Arithmetic Backtesting from Stored Components
The Hermes PR #28 backtest took five minutes via SQL instead of two hours via re-running 64 Perplexity and Grok API calls. If your scoring is deterministic and your components are persisted, backtesting a rebalance is arithmetic — not another agent run.
The Hermes PR #28 rebalance had to be validated before merging. The tempting approach was to run the 64 most recent signals back through Grok, Perplexity, Metaculus, and Manifold with the new weights applied. That would have taken two hours and burned API quota.
The actual approach took five minutes.
The Insight
Hermes persisted every component value alongside every signal.
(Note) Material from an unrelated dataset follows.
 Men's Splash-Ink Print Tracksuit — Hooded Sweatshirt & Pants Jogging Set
The database already contained, for each signal, the exact grok_score, perplexity_score, news_score, and calibration_score that went into the original composite. The composite was a deterministic weighted sum. Which means a rebalance is pure arithmetic:
SELECT
signal_id,
(grok_score * 35.0 / 30.0) AS new_grok,
(perplexity_score * 50.0 / 30.0) AS new_perplexity,
news_score AS new_news,
(calibration_score * 20.0 / 25.0) AS new_calibration,
(grok_score * 35.0 / 30.0)
+ (perplexity_score * 50.0 / 30.0)
+ news_score
+ (calibration_score * 20.0 / 25.0) AS new_composite
FROM hermes_signals
WHERE created_at > NOW() - INTERVAL '14 days'
ORDER BY new_composite DESC;
One query. Every signal in the last two weeks. Old composite and new composite side by side. Filter by new_composite > 70 to count how many cleared the threshold. Zero API calls. Zero pipeline reruns.
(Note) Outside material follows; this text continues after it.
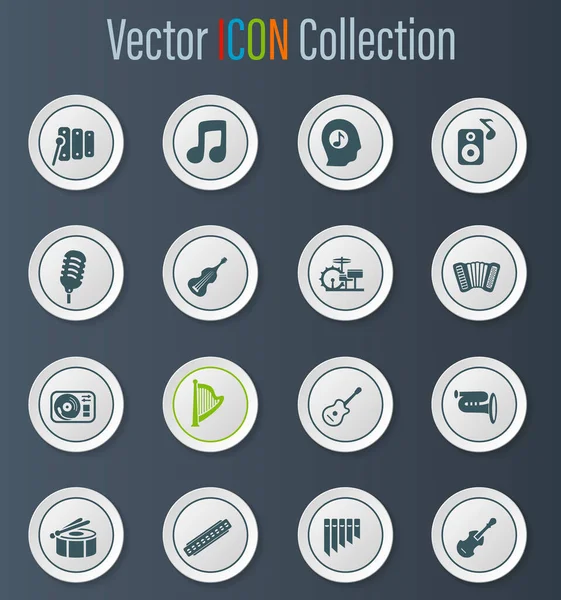 Music Icon Set Web Sites User Interface — Stock Vector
Inline Diagram — The Two Paths
The Prerequisite
Arithmetic backtesting only works if the scoring system has been designed for it. Two conditions must hold:
- Determinism. Given the same component values, the composite must always produce the same result. No randomness, no time-dependent modifiers, no hidden state.
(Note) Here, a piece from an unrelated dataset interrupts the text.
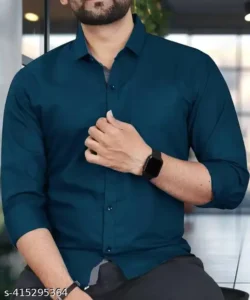 Men’s Solid Teal Formal Shirt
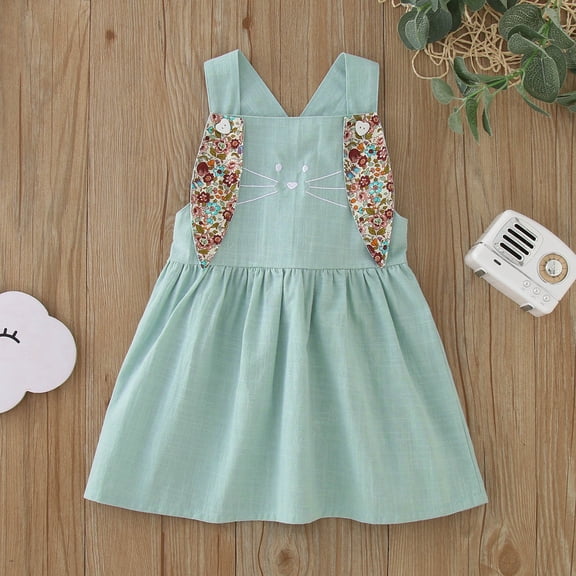 Easter Bunny Girls Sleeveless Dresses Rabbit Print Cute Princess Party Gowns For Toddler Girls Spring Holiday Wear,Blue,80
- Persistence. Every component's individual contribution is stored alongside the final composite, not just the composite alone.
Both conditions are cheap to meet. Determinism is usually free — you would have to go out of your way to make scoring nondeterministic. Persistence is one extra column per component in your signals table, or a single JSON blob if the components are variable. The storage cost is trivial compared to the optionality it unlocks.
Where This Pattern Applies
This is not just a Hermes trick. It works for any scoring, ranking, or classification system where the final score is a deterministic function of component inputs. Leverage's PolyEdge signal stack, Foresight's conviction tiers, Shiva's calibration Brier scores — all of them can be arithmetically backtested from stored components. The InDecision engine's conviction inversion was caught by a similar arithmetic path: correlate stored labels with actual PnL, no rerun required.
The Rule
If the system is deterministic and the components are persisted, backtests are SQL queries. Never burn API quota to validate a change that can be computed from data you already have. And if your current scoring system does not persist components, fix that before you ship the next rebalance. You are paying the storage cost once to unlock every future backtest for free.